What I think we should all think about is: who is it that’s truly power hungry in this situation? Is is the journalist who, if at a newspaper rather than on new media, would be encouraged to break a story or the brand and magazine who would hold the fate of a young woman’s livelihood over the heads of potential rank breakers?
It’s just makeup, yes, but there is something rather sinister going on with this new avenue of behaviour from the magazine(s) (perhaps out of fear that they’re losing they’re carefully orchestrated edge) and/or the brands (because they, understandably, rue the loss of control over their message).
Equally I get the sense from a few of the comments from the previous post that there are some bloggers out there who want to ‘stick it to the man’. The media and the PR industry exist in this weird sort of symbiosis.
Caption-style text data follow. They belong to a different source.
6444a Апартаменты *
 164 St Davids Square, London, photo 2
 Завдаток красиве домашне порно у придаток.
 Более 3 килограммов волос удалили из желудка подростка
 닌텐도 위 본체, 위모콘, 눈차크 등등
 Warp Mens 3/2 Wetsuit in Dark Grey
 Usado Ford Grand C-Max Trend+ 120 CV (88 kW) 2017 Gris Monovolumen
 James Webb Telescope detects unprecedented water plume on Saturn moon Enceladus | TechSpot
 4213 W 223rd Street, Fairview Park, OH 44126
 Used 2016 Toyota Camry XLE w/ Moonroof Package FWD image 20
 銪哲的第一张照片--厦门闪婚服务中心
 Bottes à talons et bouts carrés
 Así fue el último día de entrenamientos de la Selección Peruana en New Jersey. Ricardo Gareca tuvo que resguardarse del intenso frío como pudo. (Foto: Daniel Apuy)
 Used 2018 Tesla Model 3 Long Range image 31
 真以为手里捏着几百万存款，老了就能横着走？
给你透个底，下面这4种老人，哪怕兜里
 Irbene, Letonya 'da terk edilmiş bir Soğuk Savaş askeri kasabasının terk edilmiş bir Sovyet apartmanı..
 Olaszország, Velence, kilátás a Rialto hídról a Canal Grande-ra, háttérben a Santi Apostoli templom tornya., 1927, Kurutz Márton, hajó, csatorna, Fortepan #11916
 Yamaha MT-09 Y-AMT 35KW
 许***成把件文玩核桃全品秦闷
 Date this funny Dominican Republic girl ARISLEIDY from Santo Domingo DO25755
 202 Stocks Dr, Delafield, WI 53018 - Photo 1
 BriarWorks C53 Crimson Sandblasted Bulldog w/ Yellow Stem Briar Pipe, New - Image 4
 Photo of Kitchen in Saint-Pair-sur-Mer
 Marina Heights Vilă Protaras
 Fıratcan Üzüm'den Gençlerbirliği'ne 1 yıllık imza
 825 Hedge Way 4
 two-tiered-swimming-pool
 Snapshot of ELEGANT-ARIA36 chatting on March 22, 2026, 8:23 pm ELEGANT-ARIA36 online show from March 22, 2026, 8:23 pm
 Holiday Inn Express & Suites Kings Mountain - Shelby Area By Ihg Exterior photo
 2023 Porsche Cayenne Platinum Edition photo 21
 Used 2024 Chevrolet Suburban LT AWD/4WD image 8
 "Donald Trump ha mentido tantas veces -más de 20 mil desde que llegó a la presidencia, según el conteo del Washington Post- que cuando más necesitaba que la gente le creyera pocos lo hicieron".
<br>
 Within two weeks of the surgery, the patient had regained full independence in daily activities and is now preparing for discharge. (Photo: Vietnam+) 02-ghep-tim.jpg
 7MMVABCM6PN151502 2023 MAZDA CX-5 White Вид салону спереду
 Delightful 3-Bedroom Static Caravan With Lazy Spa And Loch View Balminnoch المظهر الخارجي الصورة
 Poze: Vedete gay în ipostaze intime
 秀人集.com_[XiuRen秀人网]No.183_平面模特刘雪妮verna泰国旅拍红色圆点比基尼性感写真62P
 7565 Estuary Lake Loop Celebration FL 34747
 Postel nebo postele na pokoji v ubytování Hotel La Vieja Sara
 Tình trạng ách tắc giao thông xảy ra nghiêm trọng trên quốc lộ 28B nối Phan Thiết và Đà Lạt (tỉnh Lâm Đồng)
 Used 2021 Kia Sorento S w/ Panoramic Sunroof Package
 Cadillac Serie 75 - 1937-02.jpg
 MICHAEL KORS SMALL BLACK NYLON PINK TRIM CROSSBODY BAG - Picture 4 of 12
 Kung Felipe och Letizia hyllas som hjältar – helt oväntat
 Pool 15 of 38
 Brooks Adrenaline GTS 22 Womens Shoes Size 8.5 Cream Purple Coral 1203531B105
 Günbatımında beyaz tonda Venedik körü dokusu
OK, new media is going to change how that works, inevitably. But charging in there like a bull into a china shop, just because you can, probably isn’t the best way to bring that about. The best way to get into an exclusive club isn’t always to firebomb it.
I see your point, GreatSheElephant, but following someone else’s rules simply so that said someone can remain in his/her position is counter-intuitive AND not beneficial to anyone but those making the rules for the sake of saving their own respective hides.
Additionally, it is worth noting that simply because a system is in place does not make it the right system, but simply the one that has benefited those who had power to control and mould it.
And I would rather see a so-called firebomb any day, and create some immediate change in the media landscape, rather than let the subtle use of insidious and anti-innovative behaviour from the institutions that promote the status quo become normal practice.
Perhaps we don’t want entry to the club but want to create a new club.